[Your goal] Every line of the listing below should be written out exactly, minus its images.

[Available data]
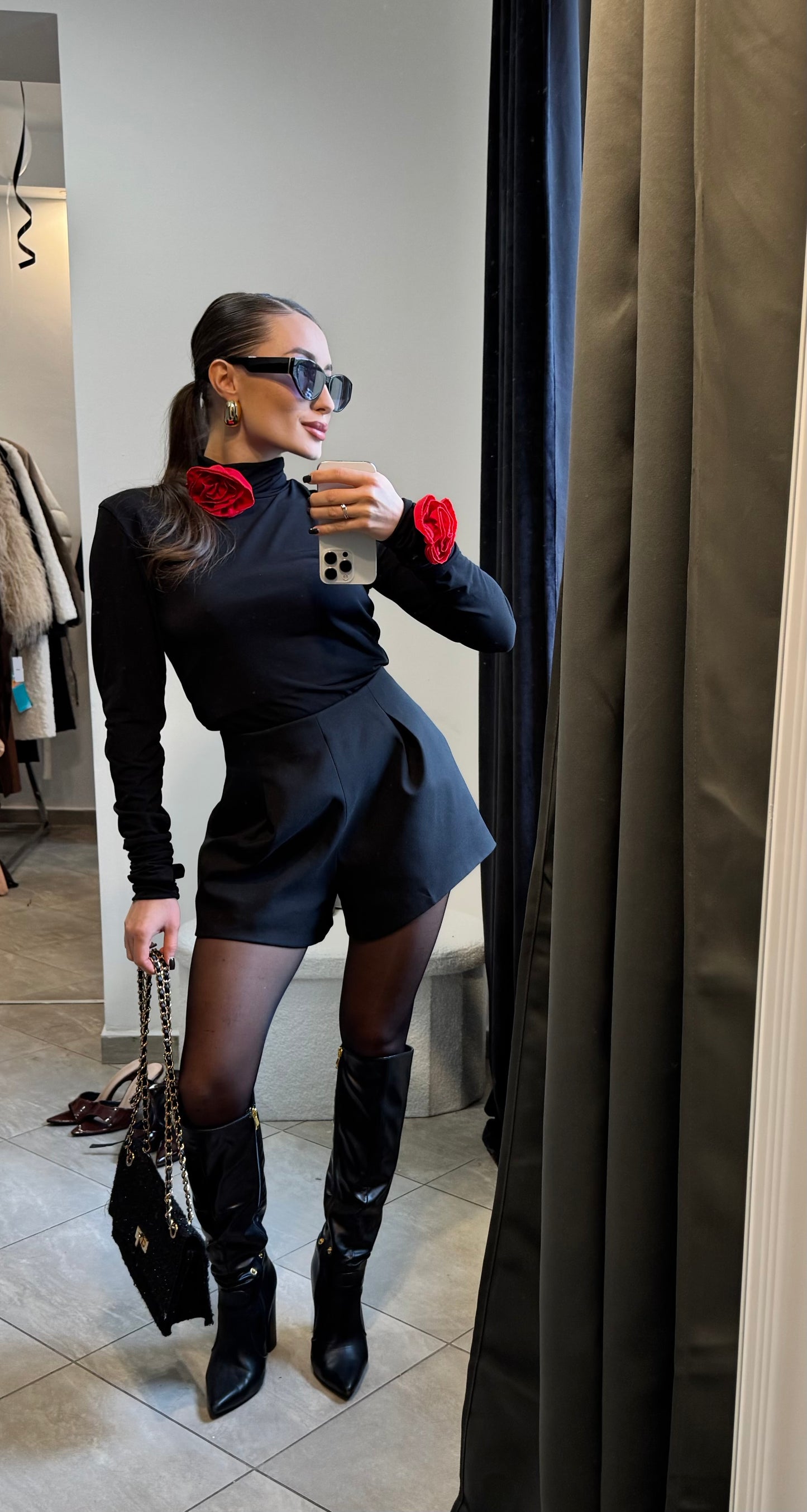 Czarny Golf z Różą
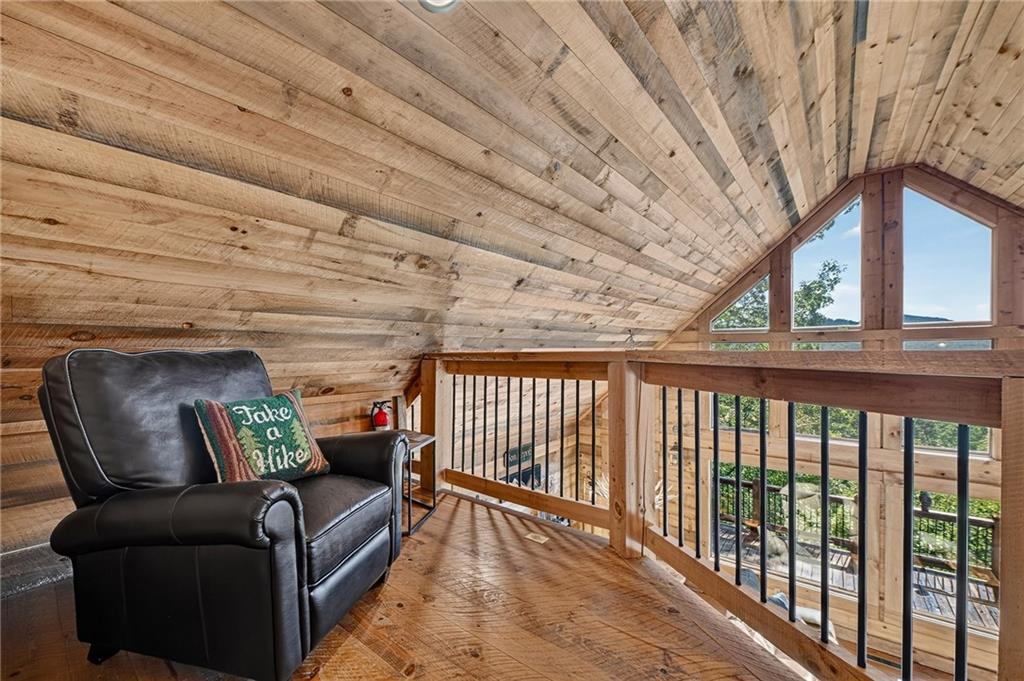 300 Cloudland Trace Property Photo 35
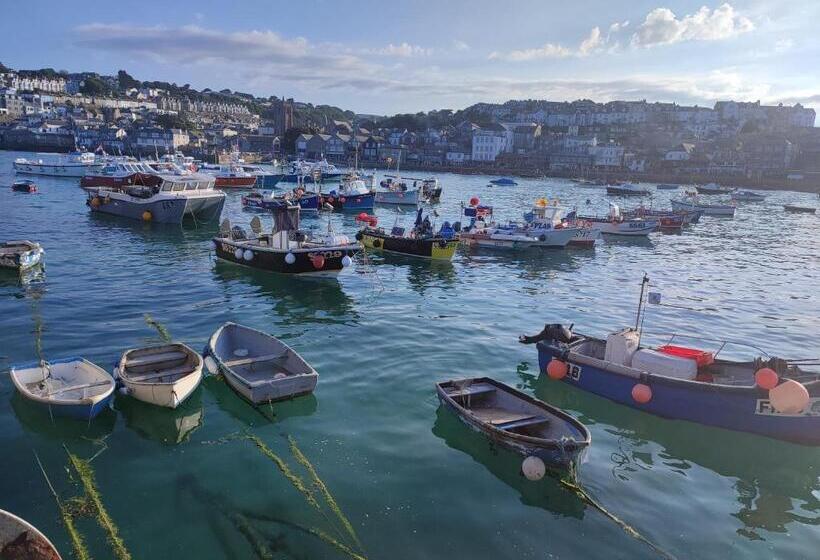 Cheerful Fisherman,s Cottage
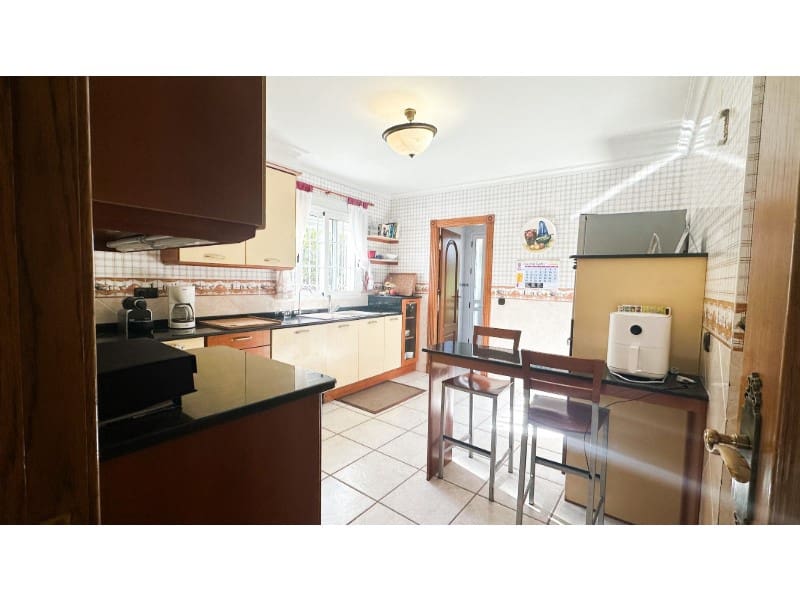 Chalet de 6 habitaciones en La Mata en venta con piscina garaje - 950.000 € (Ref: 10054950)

[Completed task]
 Czarny Golf z Różą
 300 Cloudland Trace Property Photo 35
 Cheerful Fisherman,s Cottage
 Chalet de 6 habitaciones en La Mata en venta con piscina garaje - 950.000 € (Ref: 10054950)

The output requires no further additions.